US father and son jailed over helping ex-Nissan chairman Ghosn escape
Michael Taylor was sentenced to two years in prison, while his son Peter was sentenced to one year and eight months.
They were charged with helping a criminal in the December 2019 escape of Ghosn, who hid in a box that was flown on a private jet via Turkey to Lebanon. Lebanon has no extradition treaty with Japan.
In handing down the sentencing, chief judge Hideo Nirei said they had committed a serious violation of the law, as there is now next to no chance of putting Ghosn on trial.
“This case enabled Ghosn, a defendant of a serious crime, to escape overseas,” he said.
Although the defence argued the two had been merely used by Ghosn, they clearly were involved, regardless of who was making the decisions, he said.
Ghosn was arrested in Japan in November 2018 on charges of underreporting his compensation and of breach of trust in using Nissan’s money for personal gain. He says he is innocent, and he left because he could not expect a fair trial in Japan.
The Taylors were arrested in Massachusetts in May 2020 and extradited to Japan in March. During their trial they apologised, saying they had been misled by Ghosn about Japan’s criminal justice system.
Michael Taylor sobbed and said he was “broke,” denying they had benefited monetarily because the 1.3 million dollars (£944,000) prosecutors said Ghosn paid them just covered expenses.

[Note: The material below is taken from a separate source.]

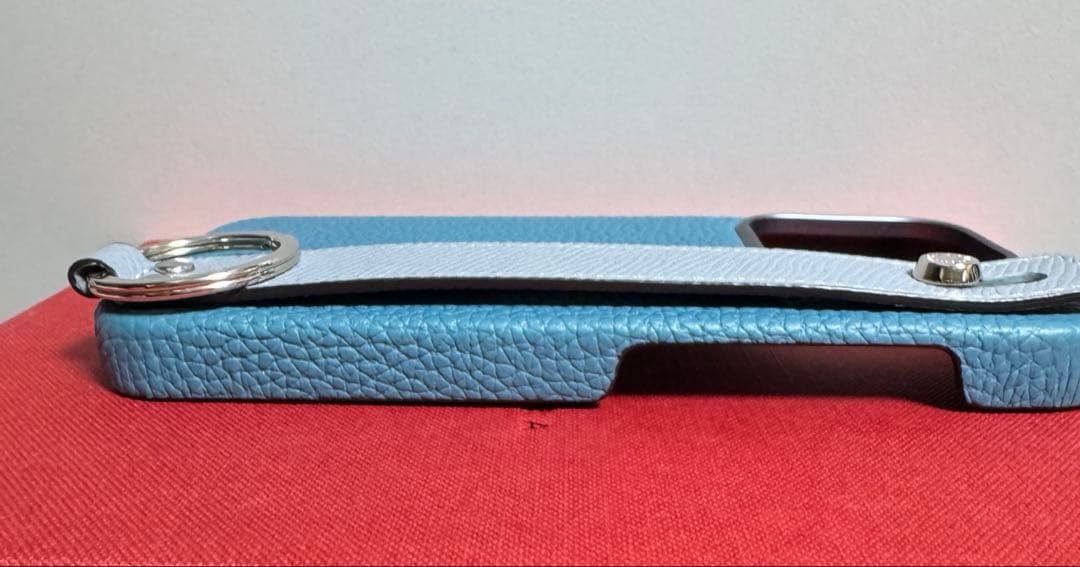 【超美品】ボナベンチュラ iPhoneケース＆ストラップ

But the judge said the court found that the motive was money. The Taylors can appeal within two weeks.
The father and son, both wearing dark suits and flanked by guards, stood before the court in silence.
The Taylors’ defence lawyer Keiji Isaji had sought a speedy trial. Many Japanese trials last for months, if not years.

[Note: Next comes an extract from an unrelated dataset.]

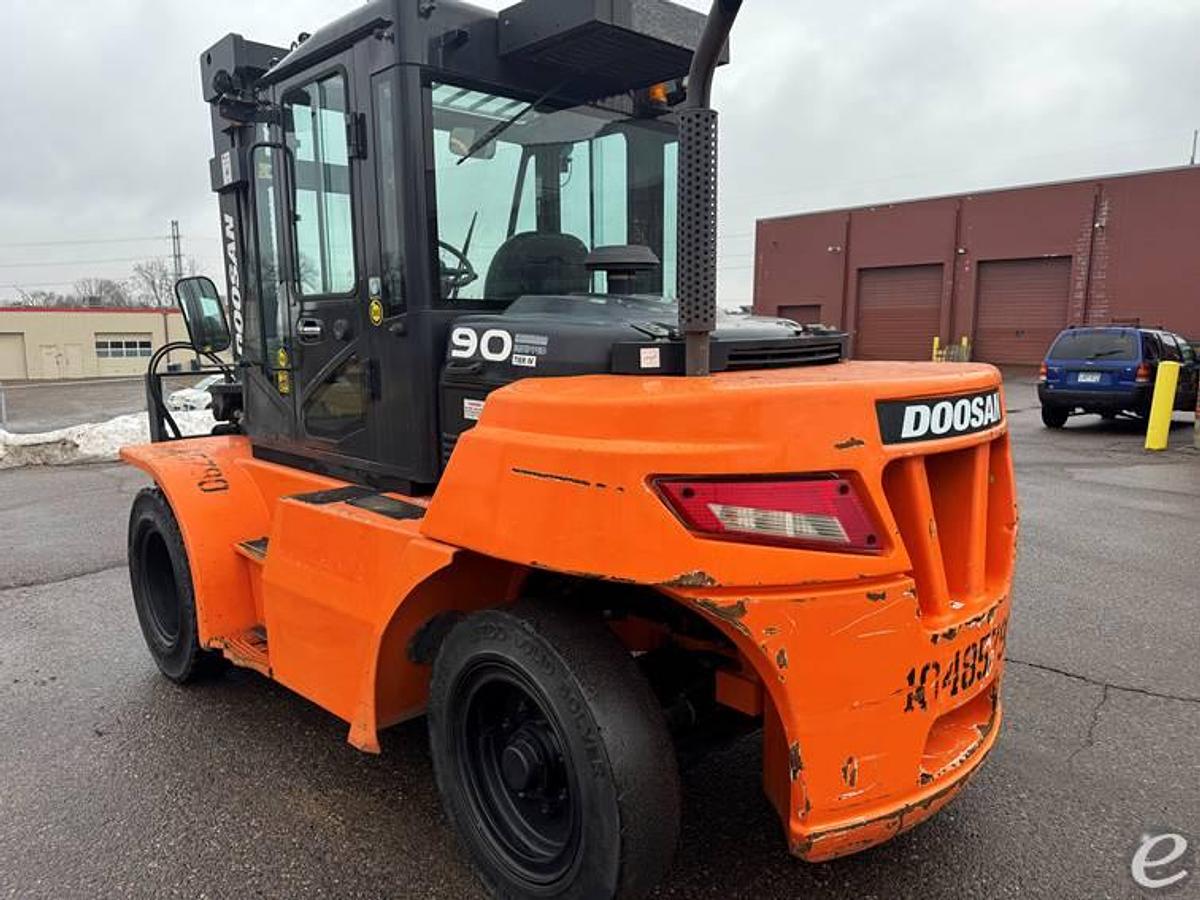 Used 2017 DOOSAN D120S-7 -  26,500 Lbs. CAPACITY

The maximum penalty in Japan for helping a criminal is three years in prison. Prosecutors had demanded a sentence of of two years and 10 months for Michael Taylor and two years and six months for his son.

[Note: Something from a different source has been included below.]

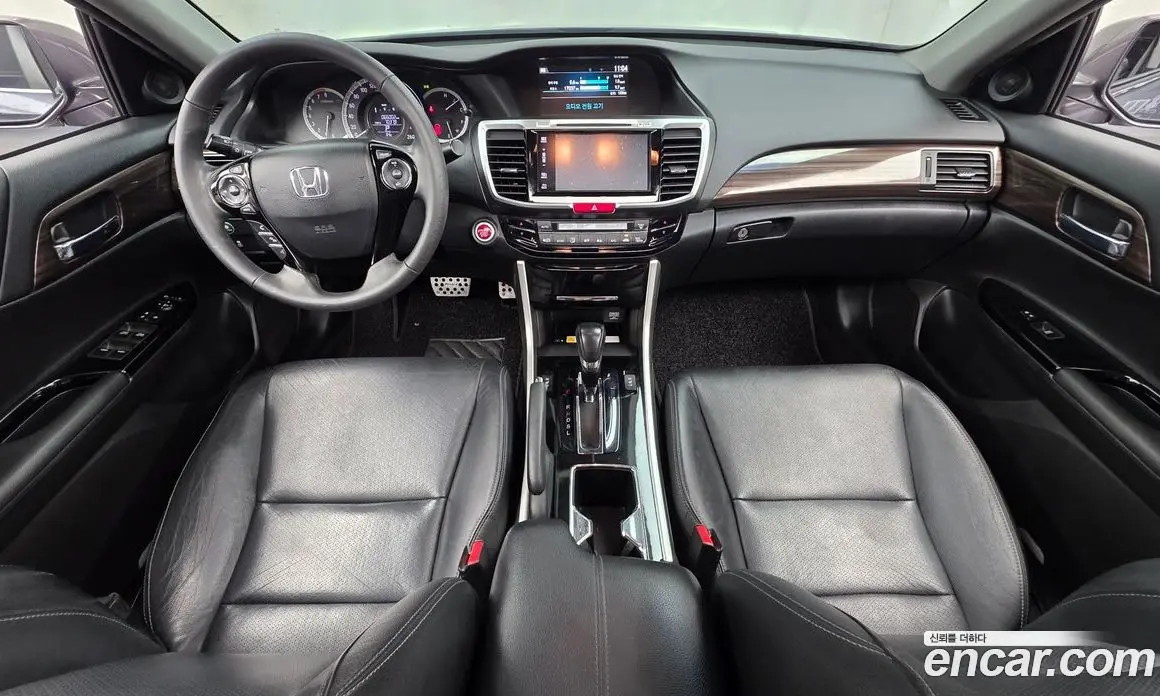 Honda Accord 2016 2.4 автомат (гидро), фото 7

The Taylors’ defence had argued for suspended sentences for the two, who spent 10 months in custody in the US before their extradition.
In December 2019, Ghosn left his home in Tokyo and took a bullet train to Osaka. At a hotel there, he hid in a big box supposedly containing audio equipment, with air holes punched in it so that he could breathe, according to prosecutors.
Another man, George-Antoine Zayek, is accused over the escape, but has not been arrested.
Separately, Greg Kelly, a former top Nissan executive, is on trial in Tokyo on charges of falsifying securities reports on Ghosn’s compensation.
Kelly, who was arrested at the same time as Ghosn, also says he is innocent.
A verdict in Kelly’s trial, which began in September last year, is not expected until next year.
More than 99% of Japanese criminal trials result in convictions. Upon conviction, the charges Kelly faces carry the maximum penalty of up to 15 years in prison.